[[ RECORDS PROVIDED open ]]

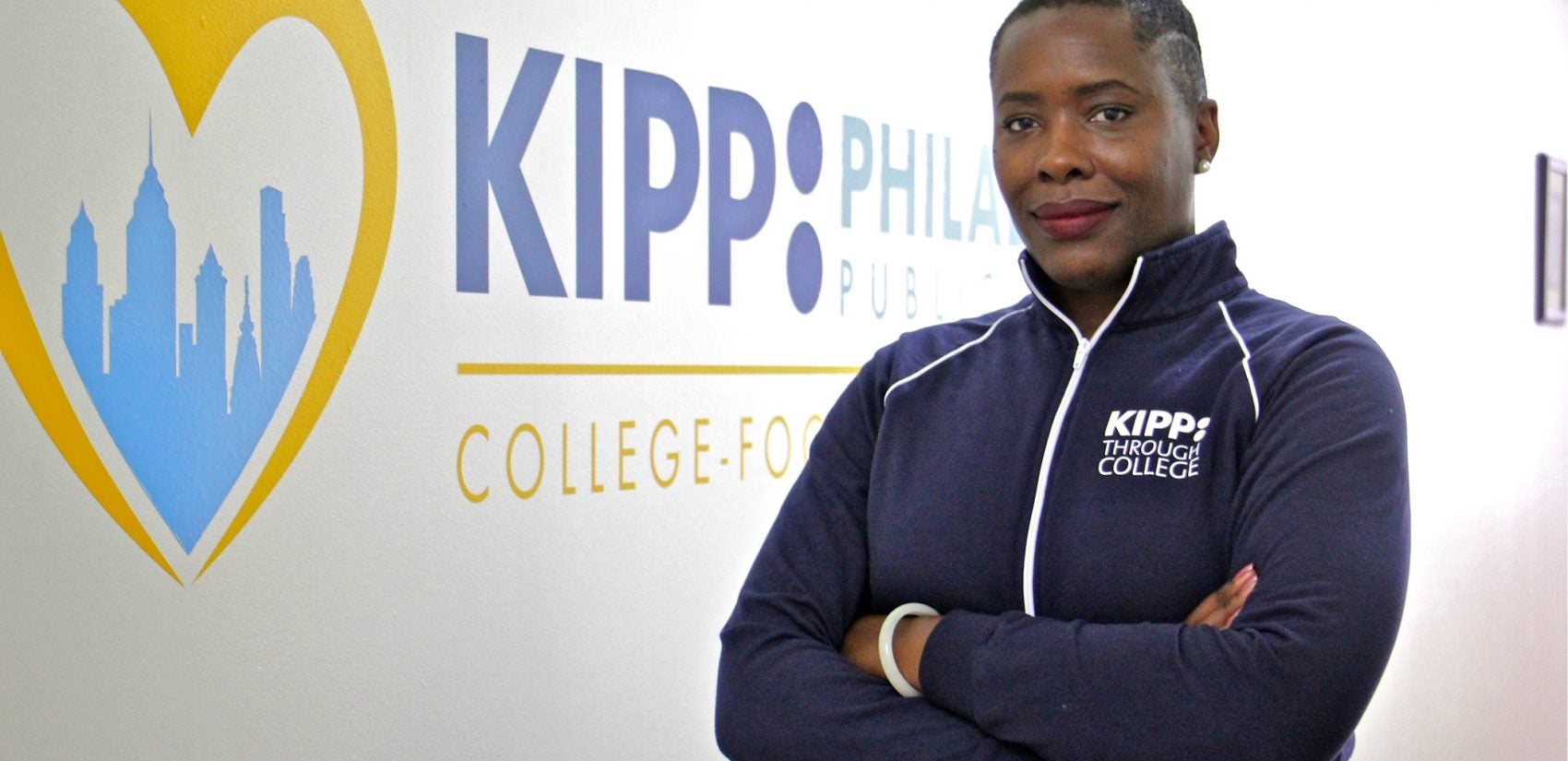 Jessica Cunningham Akoto, chief executive officer of KIPP Philadelphia.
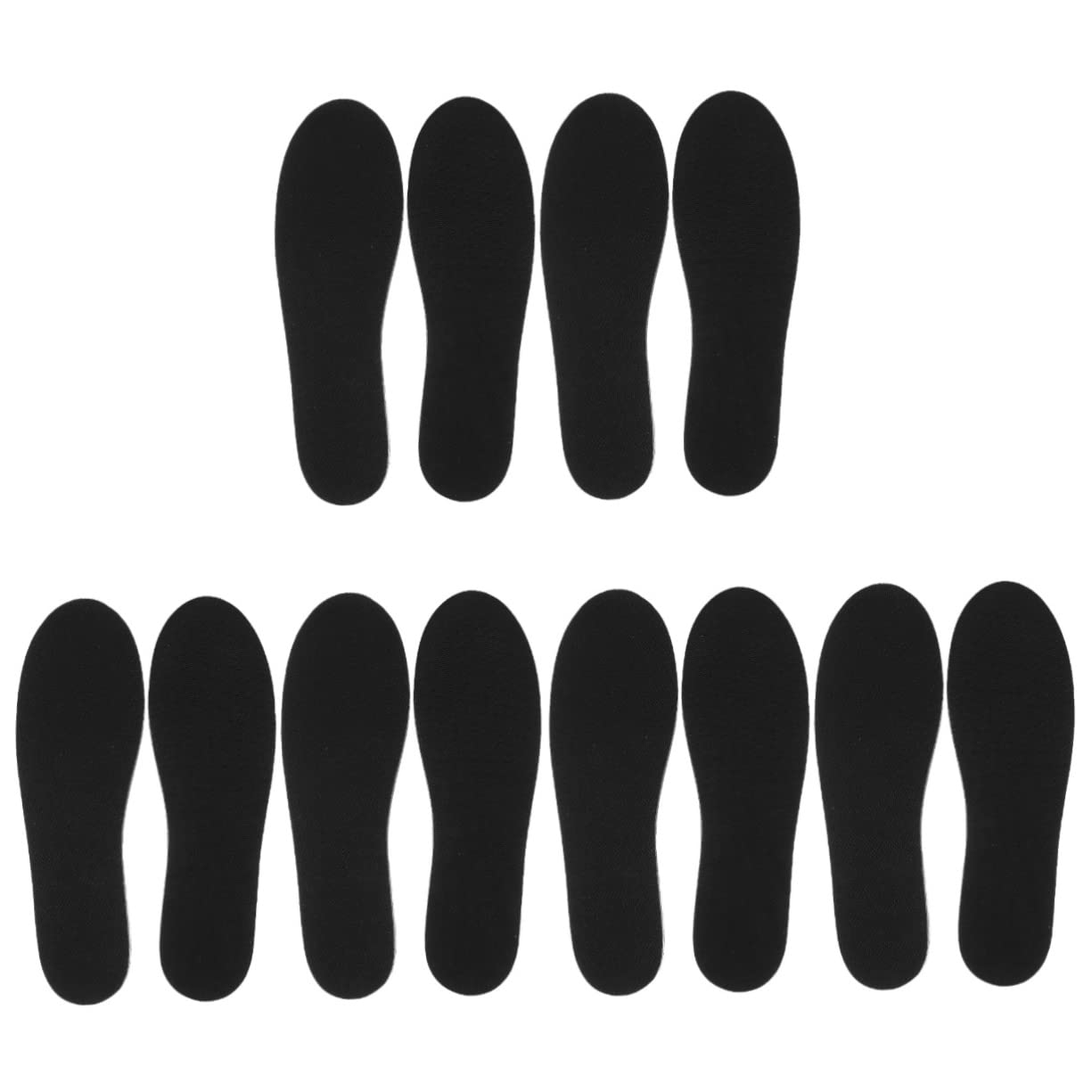 FOMIYES 6 Paar Unsichtbare Innen Booster Pads Für Schuhe Höhenerhöhung Kissen Höhenerhöhung Unsichtbare Einlegesohlen Gel Höhenerhöhung Einlegesohle Höhenerhöhung Fersenpolster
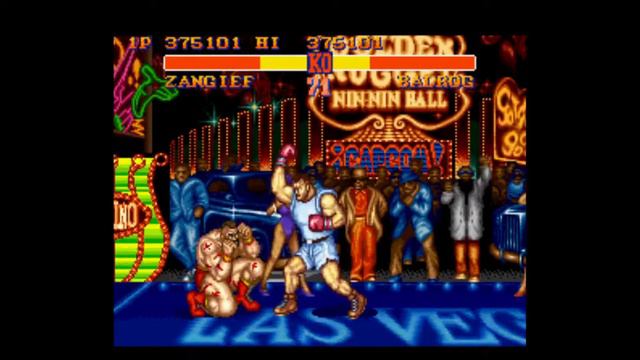 Street Fighter 2 The World Warrior SNES Long Play - ZANGIEF (Normal Mode)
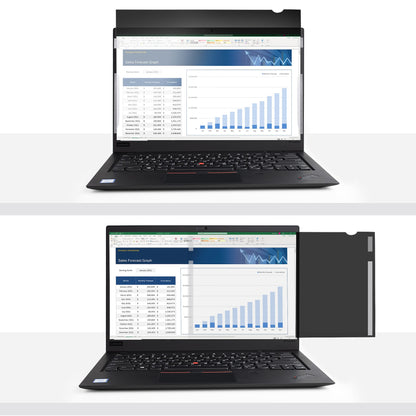 StarTech.com 156L-PRIVACY-SCREEN display privacy filters 15.6" Laptop Frameless display privacy filter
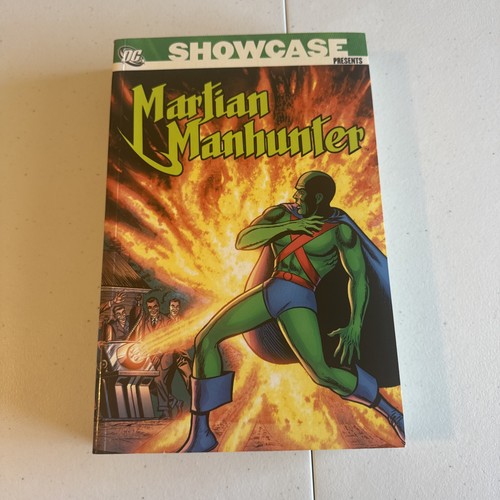 Showcase presents martian - showcase, presents:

[[ RECORDS PROVIDED closed ]]

### AIM OF THE TASK
Send back every record exactly as it stands, except the pictures.

### SOLUTION
 Jessica Cunningham Akoto, chief executive officer of KIPP Philadelphia.
 FOMIYES 6 Paar Unsichtbare Innen Booster Pads Für Schuhe Höhenerhöhung Kissen Höhenerhöhung Unsichtbare Einlegesohlen Gel Höhenerhöhung Einlegesohle Höhenerhöhung Fersenpolster
 Street Fighter 2 The World Warrior SNES Long Play - ZANGIEF (Normal Mode)
 StarTech.com 156L-PRIVACY-SCREEN display privacy filters 15.6" Laptop Frameless display privacy filter
 Showcase presents martian - showcase, presents:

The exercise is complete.